I noticed if I did put a short name in it failed on the internal certificate so was very careful not to do this on the external certificate.I did however use the friendly name on the CSR so am now thinking should I have done that.
Will keep you informed on my progress
Unknown: The computer policy did not work in the two environments that I tested it with. My computer template policy does not allow exporting of the private key, which View seems to require. I configured the web server template policy to allow private key export, and it works fine (doesn’t if private key export is disabled). I’ll try the computer template with private key export and see what that does.
Derek –
Not sure if you still edit this thing, but you may want to throw this in here:
If the connection server administration console wont connect via https, and you do a netstat -ano and don’t see it listening on 443, try this:
Open Windows Firewall with Adv. Security and look at the 1st rule. I used all the defaults listed here, and followed the admin guide to the “T”… maybe not so bright, but anyway. The first rule I had listed was a deny all, put there by View. Thanks. Yeah…

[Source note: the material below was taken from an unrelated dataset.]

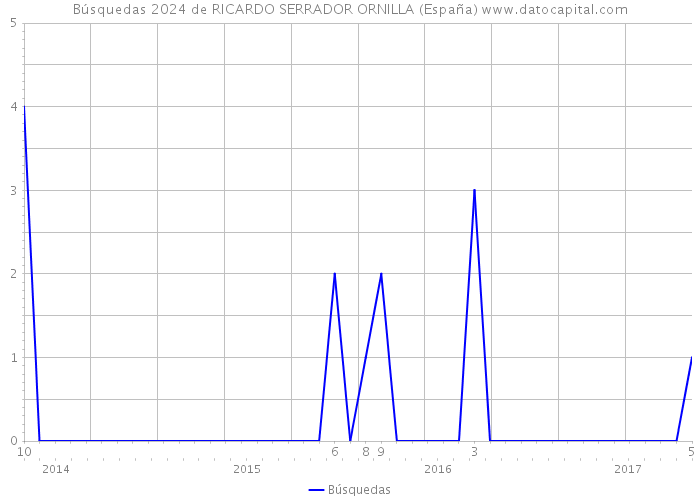 Búsquedas 2024 de RICARDO SERRADOR ORNILLA (España)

Anyway I hope this helps someone else, I spent a couple hours following rabbit holes before I decided to bust out the old A+ material… first 2 questions: Is it plugged in? Is it turned on? I wish I could meet the crackheads that design this vmware bullsh*t so I could give them the bird.
I have the similar issue to Alan Wright. I am using VMware View Connection Server (64-bit) 2012-05-16 | 5.1.0
I have tried to issue self-signed certificate. Then I had some certificate related issues with PCoIP, but View Administrator web page worked fine (only with info that View Conn. server certificate is untrusted).
I managed to make Microsoft CA and issue certificate with auto-enrolment. Everything is set properly, but I get this error message “[KeyVaultKeyStore] No qualifying certificates in keystore” in View Connection log file. That’s why my View Administrator (” [Processor] Connection Processor is exiting”) does not start at all.
So I tried the tip with creating and configuring locked.properties with exported .pfx file. When I set the locked.properties then the debug log file includes “[SslUtils] Could not decode certificate failure reason (Unknown in Unknown)”.
If anyone has some idea what to do next, I have spent a loot of hours with this issue.
By the way, I figured out how the certificate has to be generated manually using Windows tools and documented it here, specifically for Windows 2008 standalone servers, such as the View Security Server:
http://www.zerouptime.ch/2012/10/manually-generating-view-5-1-ssl-certificates/
Derek,
i use your info but when i connect to connect server it come up and login ok but the cert is error (Mismatched address
the security certificate presented by this website was issued for diffrent website’s address.) any advice please thanks
Hi Derek, I’m running in a problem with my Connection server 5.1.1
– Everything was working fine until I was called that clients cannot connect using the connection server.
– I tried to access my view administrator and is not opening, internet explorer cannot display the page.
– I logged remotely to the connection server and locally I tried to access the view administrator and still page cannot be displayed.
– I prepared a replication server and through it I was able to access the view administrator of the replication server.
– Using the IP address of the replica server I can connect to the virtual desktops, so temporary I have a solution but still I have to fix my primary connection server.
– I thought about reinstalling the connection server but there was a message saying “The installer will help you to remove VMware View Connection Server. to continue click remove. After removal, this program will no longer be available for use.”
– What do you think will happen if I continue, knowing I have my replica which is working fine do you think that will harm all my setting.
Thank you,
Great writeup! Didn't know they changed how they did SSL in 5.1, that threw me for a loop but a much better implementation of a SSL Certificate store!